The Royals won in dramatic fashion on Saturday night in Anaheim, as they came back to win 11-8 to snap a seven-game losing streak.
There were plenty of positive stories to take away from the Royals’ dramatic win.
The offense went 7-for-14 with runners in scoring position. Hunter Dozier collected three hits, including a two-RBI single that essentially gave closer Scott Barlow some breathing room in the ninth. Aroldis Chapman continued to throw heat and dominated the Angels lineup. And lastly, Barlow looked more like “vintage” Barlow, as he struck out two and made an incredible bare-handed play on a Shohei Ohtani groundball to end the game.
Unfortunately, there were some “concerning” developments in the game, with the continued struggles of the bullpen beyond Chapman being the primary one.
The Royals bullpen ranks 29th in ERA and 28th in WHIP, as of Sunday, according to Fangraphs, which is a big concern considering many Royals fans felt that this group would be better after a lackluster run under former pitching coach Cal Eldred.
Two relievers primarily struggled on Saturday: Jose Cuas, who allowed a two-run home run in the 8th inning that gave the Angels the lead (at the time); and Carlos Hernandez, who gave up two runs on three hits in the sixth inning, which allowed the Angels to tie up the game (though they tied it up on a bizarre balk call which gave Zach Neto a second chance after initially popping out to end the inning).
I am not going to focus on Cuas in this post, as I am not sure how much longer Cuas will be up at the MLB level for now.

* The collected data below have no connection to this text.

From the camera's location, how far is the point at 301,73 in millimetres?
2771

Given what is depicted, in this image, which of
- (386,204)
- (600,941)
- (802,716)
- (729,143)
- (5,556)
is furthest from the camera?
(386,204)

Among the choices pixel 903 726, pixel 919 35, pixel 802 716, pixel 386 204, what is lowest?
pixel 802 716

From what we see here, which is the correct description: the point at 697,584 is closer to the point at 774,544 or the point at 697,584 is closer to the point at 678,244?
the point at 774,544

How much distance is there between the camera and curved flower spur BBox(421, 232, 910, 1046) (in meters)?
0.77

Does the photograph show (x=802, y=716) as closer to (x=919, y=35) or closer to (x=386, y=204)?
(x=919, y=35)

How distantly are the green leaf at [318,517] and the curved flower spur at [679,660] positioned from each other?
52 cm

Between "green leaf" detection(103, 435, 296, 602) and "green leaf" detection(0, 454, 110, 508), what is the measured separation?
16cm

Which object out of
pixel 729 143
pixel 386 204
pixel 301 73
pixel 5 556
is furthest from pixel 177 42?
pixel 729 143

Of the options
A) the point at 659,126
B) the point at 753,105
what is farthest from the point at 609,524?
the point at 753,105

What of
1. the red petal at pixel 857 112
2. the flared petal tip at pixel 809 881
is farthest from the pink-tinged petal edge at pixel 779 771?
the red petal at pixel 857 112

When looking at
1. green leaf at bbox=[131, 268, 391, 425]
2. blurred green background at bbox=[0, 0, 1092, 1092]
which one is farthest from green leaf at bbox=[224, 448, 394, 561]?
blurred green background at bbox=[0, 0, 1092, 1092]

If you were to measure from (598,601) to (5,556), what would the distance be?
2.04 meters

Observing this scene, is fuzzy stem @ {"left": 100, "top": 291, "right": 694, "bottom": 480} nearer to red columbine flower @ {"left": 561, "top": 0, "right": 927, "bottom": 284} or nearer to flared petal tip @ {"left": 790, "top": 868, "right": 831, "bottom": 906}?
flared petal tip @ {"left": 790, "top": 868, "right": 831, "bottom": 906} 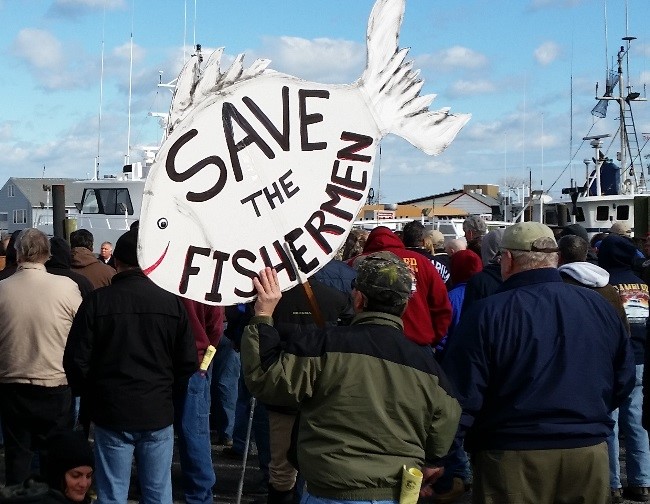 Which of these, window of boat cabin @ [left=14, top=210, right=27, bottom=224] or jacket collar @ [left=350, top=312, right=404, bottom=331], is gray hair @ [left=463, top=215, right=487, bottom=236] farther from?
window of boat cabin @ [left=14, top=210, right=27, bottom=224]

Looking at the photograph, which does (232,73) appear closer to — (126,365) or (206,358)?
(126,365)

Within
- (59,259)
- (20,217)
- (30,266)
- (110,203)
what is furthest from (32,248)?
(20,217)

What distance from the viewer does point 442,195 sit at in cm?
6544

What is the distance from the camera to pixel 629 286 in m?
7.31

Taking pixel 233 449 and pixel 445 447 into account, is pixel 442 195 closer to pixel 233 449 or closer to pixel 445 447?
pixel 233 449

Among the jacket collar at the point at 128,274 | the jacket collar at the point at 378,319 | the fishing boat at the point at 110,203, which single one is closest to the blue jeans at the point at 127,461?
the jacket collar at the point at 128,274

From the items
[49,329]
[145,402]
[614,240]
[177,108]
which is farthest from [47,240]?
[614,240]

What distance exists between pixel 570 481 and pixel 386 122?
67.3 inches

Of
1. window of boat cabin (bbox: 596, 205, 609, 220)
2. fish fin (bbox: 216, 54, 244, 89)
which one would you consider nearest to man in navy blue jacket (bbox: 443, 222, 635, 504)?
fish fin (bbox: 216, 54, 244, 89)

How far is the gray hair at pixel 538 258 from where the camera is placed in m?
4.28

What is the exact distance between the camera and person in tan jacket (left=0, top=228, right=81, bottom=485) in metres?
6.31

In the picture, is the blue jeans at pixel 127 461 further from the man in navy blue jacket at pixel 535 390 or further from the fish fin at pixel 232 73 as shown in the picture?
the fish fin at pixel 232 73

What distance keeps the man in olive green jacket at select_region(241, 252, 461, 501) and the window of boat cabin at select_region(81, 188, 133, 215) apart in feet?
69.8

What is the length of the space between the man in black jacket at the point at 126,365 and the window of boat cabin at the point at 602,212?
24.6 meters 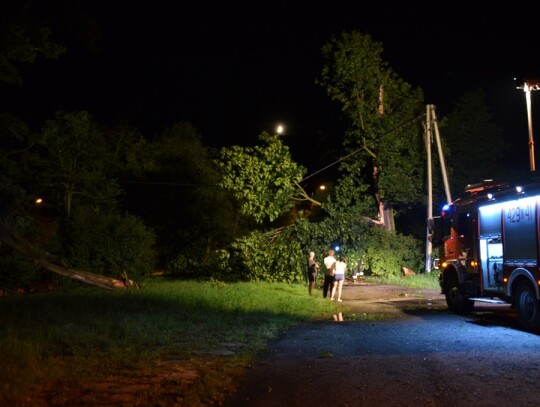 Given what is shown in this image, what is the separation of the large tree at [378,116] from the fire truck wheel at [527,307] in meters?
17.5

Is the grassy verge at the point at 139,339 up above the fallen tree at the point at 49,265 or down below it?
below

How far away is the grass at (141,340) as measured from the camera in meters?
7.29

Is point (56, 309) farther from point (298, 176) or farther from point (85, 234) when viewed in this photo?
point (298, 176)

Rather, I want to focus on Hernandez, who’s been struggling lately and drawing the ire of frustrated Royals fans who had high hopes for him after an impressive stint in the Venezuelan bullpen during the World Baseball Classic.
The peripheral stats for Hernandez aren’t good right now.
Going into Sunday’s game, Hernandez is posting an 8.64 ERA and 1.92 WHIP in nine appearances and 8.1 IP this season. In fact, his -0.3 fWAR is tied with Ryan Yarborough for the lowest fWAR among relievers so far in 2023, according to Fangraphs.
And yet, while those numbers may make Royals fans cringe, there are still some positives to take away from Hernandez’s start to the season.
In fact, in this post, I look at how he could be due for some positive regression soon, as long as he makes some necessary adjustments in his command and pitch mix in the coming weeks.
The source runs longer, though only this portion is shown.